**Instructions for the task**. Restate the records that follow. Every word must match.

**Items from a dataset**.
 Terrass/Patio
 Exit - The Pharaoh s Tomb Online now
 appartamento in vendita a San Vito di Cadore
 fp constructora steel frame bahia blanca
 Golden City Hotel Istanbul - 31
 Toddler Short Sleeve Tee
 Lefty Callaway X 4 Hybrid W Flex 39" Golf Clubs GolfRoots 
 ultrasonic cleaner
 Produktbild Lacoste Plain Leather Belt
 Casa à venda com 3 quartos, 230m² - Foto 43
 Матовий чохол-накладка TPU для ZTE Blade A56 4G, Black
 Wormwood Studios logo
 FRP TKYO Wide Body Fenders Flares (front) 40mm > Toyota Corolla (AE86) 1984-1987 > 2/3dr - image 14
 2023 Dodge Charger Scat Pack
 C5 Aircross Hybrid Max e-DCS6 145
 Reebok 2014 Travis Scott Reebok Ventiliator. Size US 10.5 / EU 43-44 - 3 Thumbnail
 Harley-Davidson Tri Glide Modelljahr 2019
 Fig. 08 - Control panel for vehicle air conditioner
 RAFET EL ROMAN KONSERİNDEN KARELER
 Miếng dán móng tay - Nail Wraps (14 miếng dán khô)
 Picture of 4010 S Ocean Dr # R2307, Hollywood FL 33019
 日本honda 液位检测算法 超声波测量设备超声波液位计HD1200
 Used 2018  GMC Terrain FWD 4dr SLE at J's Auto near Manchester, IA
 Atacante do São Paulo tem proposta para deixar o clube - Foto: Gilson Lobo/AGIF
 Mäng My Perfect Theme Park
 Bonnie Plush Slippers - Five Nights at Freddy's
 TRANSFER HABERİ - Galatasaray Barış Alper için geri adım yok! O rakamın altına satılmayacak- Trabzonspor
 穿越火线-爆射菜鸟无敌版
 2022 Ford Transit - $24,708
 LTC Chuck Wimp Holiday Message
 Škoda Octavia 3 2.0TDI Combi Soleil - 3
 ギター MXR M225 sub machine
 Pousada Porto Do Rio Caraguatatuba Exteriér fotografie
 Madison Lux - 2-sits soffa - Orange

**Answer to the exercise**.
 Terrass/Patio
 Exit - The Pharaoh s Tomb Online now
 appartamento in vendita a San Vito di Cadore
 fp constructora steel frame bahia blanca
 Golden City Hotel Istanbul - 31
 Toddler Short Sleeve Tee
 Lefty Callaway X 4 Hybrid W Flex 39" Golf Clubs GolfRoots 
 ultrasonic cleaner
 Produktbild Lacoste Plain Leather Belt
 Casa à venda com 3 quartos, 230m² - Foto 43
 Матовий чохол-накладка TPU для ZTE Blade A56 4G, Black
 Wormwood Studios logo
 FRP TKYO Wide Body Fenders Flares (front) 40mm > Toyota Corolla (AE86) 1984-1987 > 2/3dr - image 14
 2023 Dodge Charger Scat Pack
 C5 Aircross Hybrid Max e-DCS6 145
 Reebok 2014 Travis Scott Reebok Ventiliator. Size US 10.5 / EU 43-44 - 3 Thumbnail
 Harley-Davidson Tri Glide Modelljahr 2019
 Fig. 08 - Control panel for vehicle air conditioner
 RAFET EL ROMAN KONSERİNDEN KARELER
 Miếng dán móng tay - Nail Wraps (14 miếng dán khô)
 Picture of 4010 S Ocean Dr # R2307, Hollywood FL 33019
 日本honda 液位检测算法 超声波测量设备超声波液位计HD1200
 Used 2018  GMC Terrain FWD 4dr SLE at J's Auto near Manchester, IA
 Atacante do São Paulo tem proposta para deixar o clube - Foto: Gilson Lobo/AGIF
 Mäng My Perfect Theme Park
 Bonnie Plush Slippers - Five Nights at Freddy's
 TRANSFER HABERİ - Galatasaray Barış Alper için geri adım yok! O rakamın altına satılmayacak- Trabzonspor
 穿越火线-爆射菜鸟无敌版
 2022 Ford Transit - $24,708
 LTC Chuck Wimp Holiday Message
 Škoda Octavia 3 2.0TDI Combi Soleil - 3
 ギター MXR M225 sub machine
 Pousada Porto Do Rio Caraguatatuba Exteriér fotografie
 Madison Lux - 2-sits soffa - Orange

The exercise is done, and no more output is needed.